=== Data for review ===

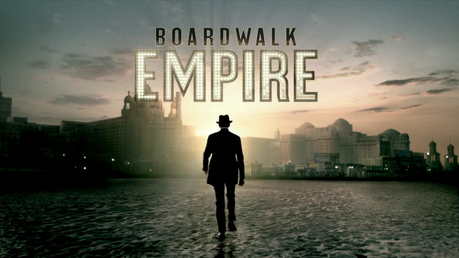 El reinado de Nucky Thompson El reinado de Nucky Thompson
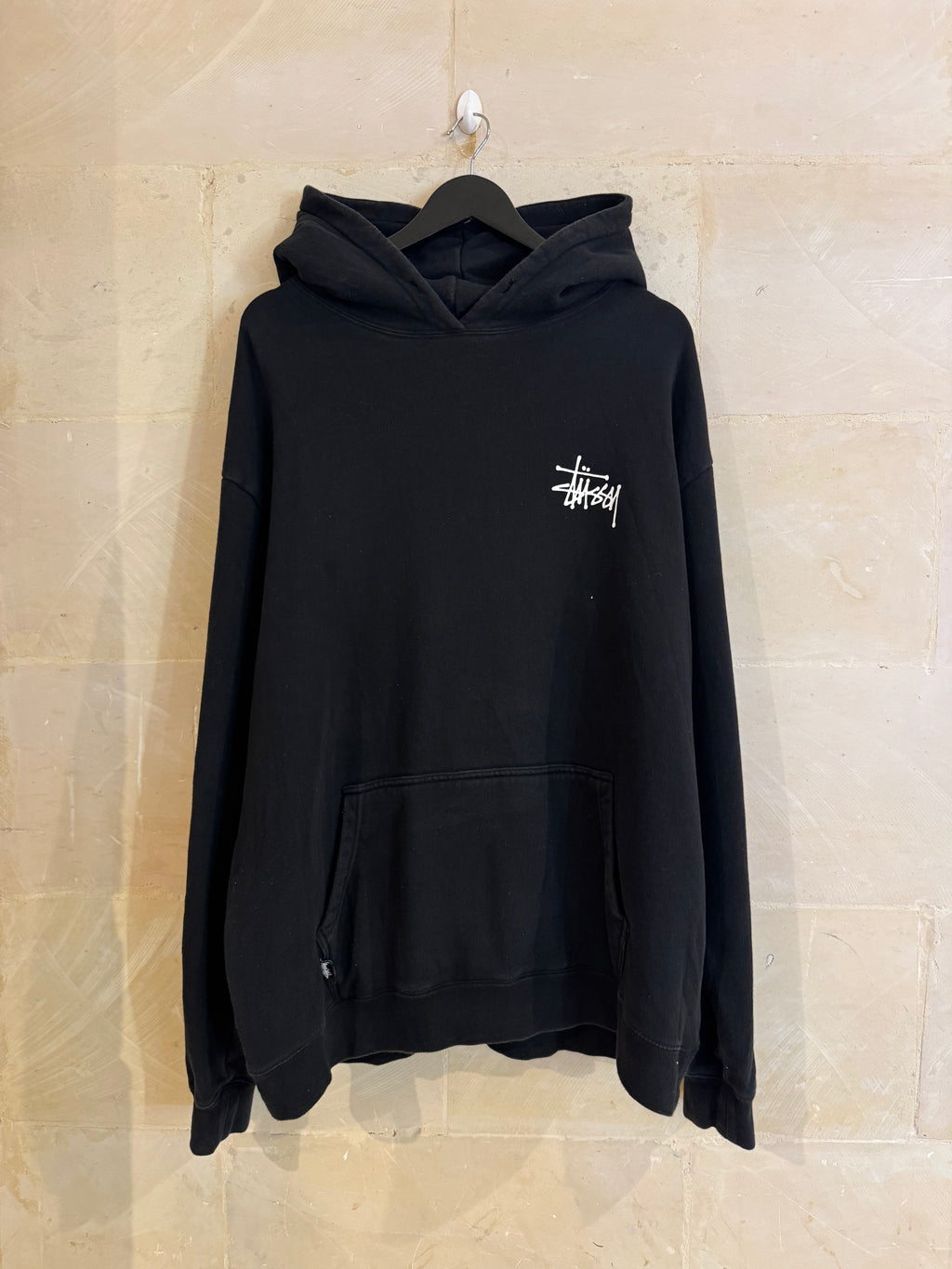 Stussy Hoodie (XXL)
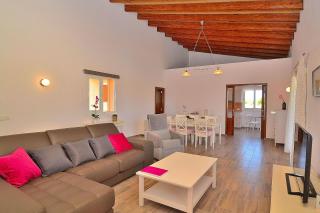 511 Finca Sion ETV11165 by Mallorca Charme - Binissalem - 4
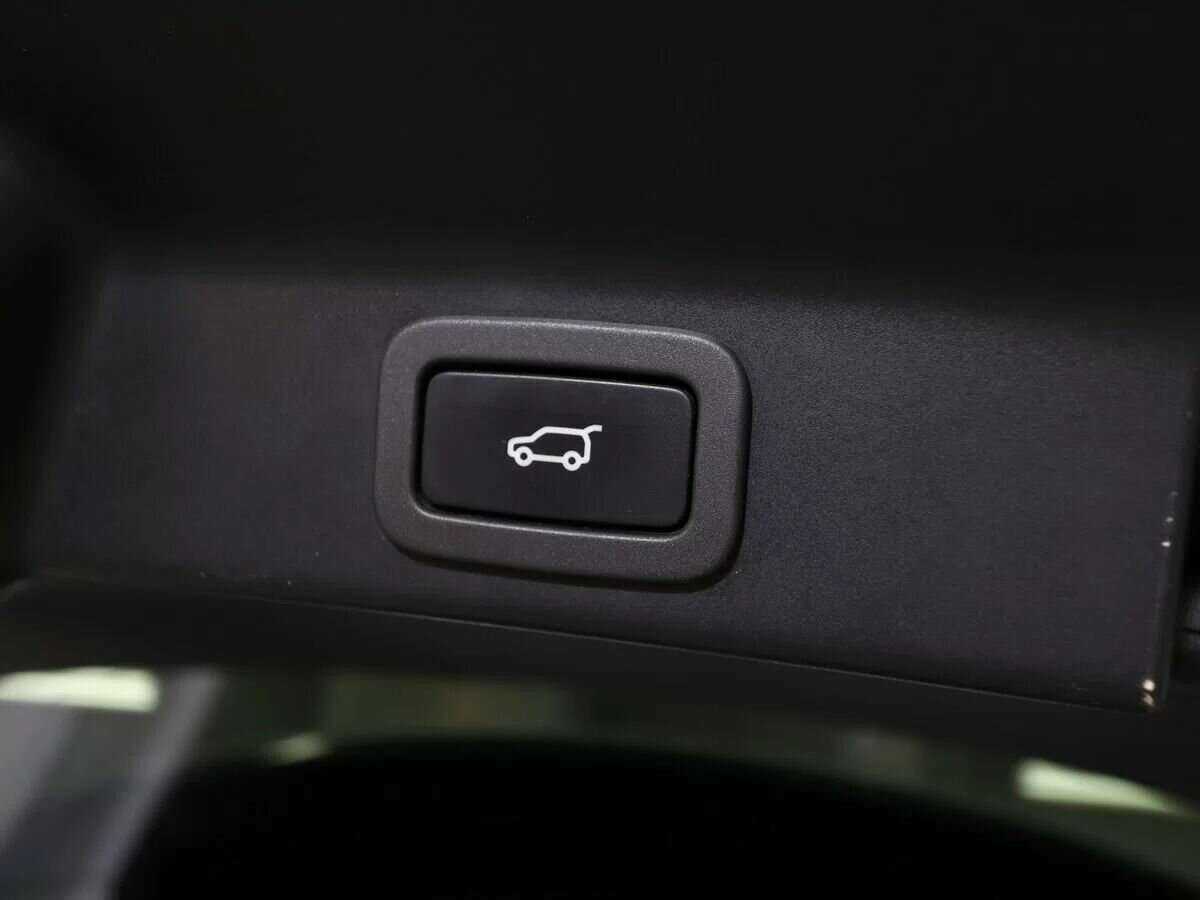 Купить Jaguar F-Pace, 2016, 151 000 км, фото №6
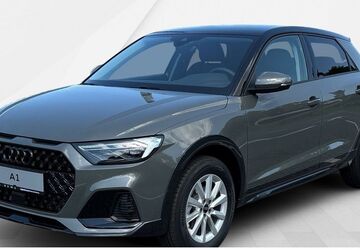 Audi A1 1.250 km 31.650 &euro; Neubrandenburg 17036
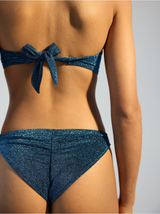 Bikini buxur, brazilian
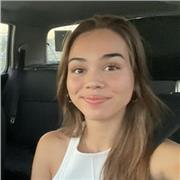 Soy estudiante de ingeniería y doy clases de matemáticas, física y química hasta 4to de la ESO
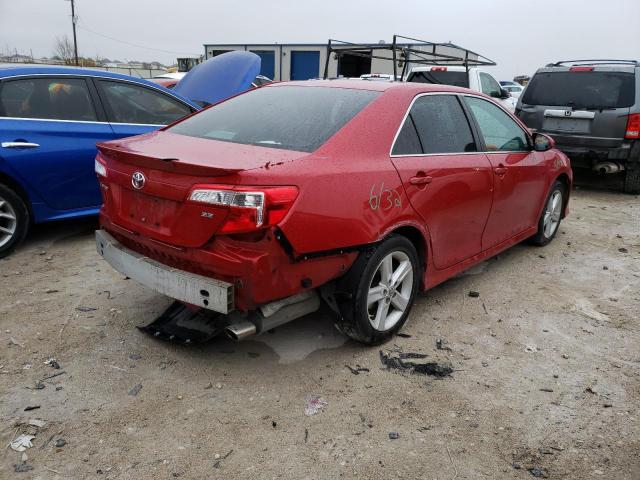 Photo 3 from auction – 2013 TOYOTA CAMRY L with VIN 4T1BF1FK9DU696003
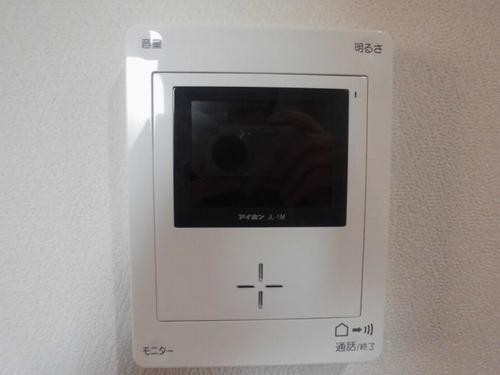 明石市藤江アパート 部屋画像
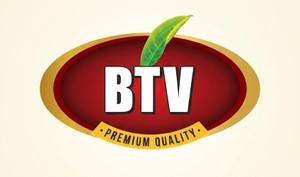 BTV PREMIUM QUALITY trademark artwork
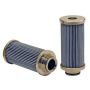 WIX FILTER D01B25GBV WIX INDUSTRIAL HYDRAULICS Cartridge Hydraulic Metal Canister Filter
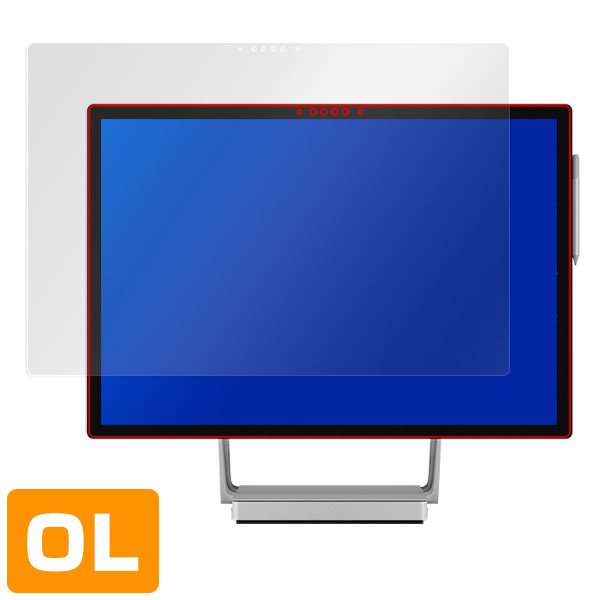 Surface Studio 2 液晶保護シート
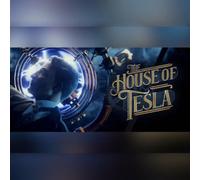 The House of Tesla (PC) Steam Gift - GLOBAL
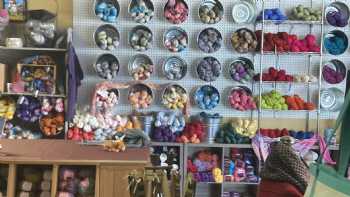 The Yarn Shop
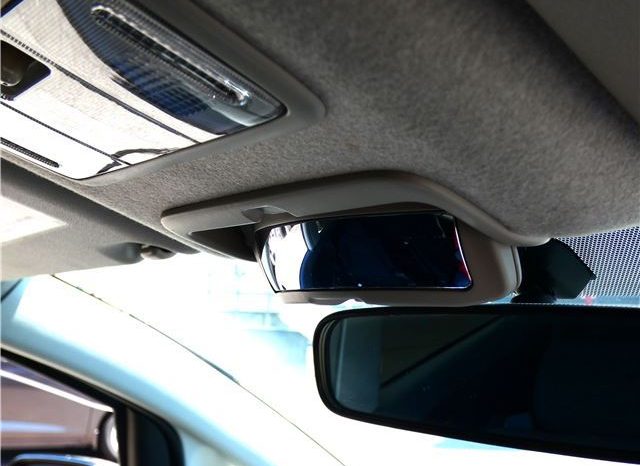 Toyota ISIS Platana Black Limited 2010 full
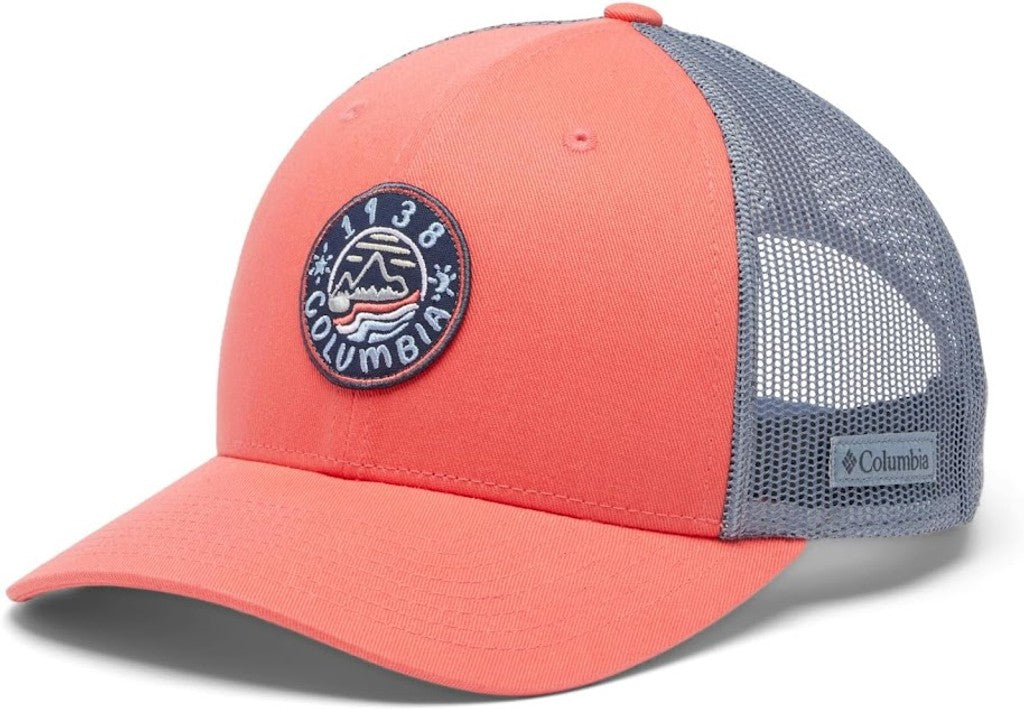 Columbia Womens Snap Back Hat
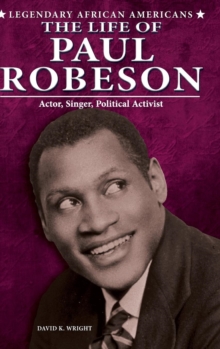 Image for The Life of Paul Robeson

===

- Assignment -
Set down exactly, and only, the lines from the one containing "The Yarn Shop" through the last line of the entries. Pictures do not belong in the copy.

- Written solution -
 The Yarn Shop
 Toyota ISIS Platana Black Limited 2010 full
 Columbia Womens Snap Back Hat
 Image for The Life of Paul Robeson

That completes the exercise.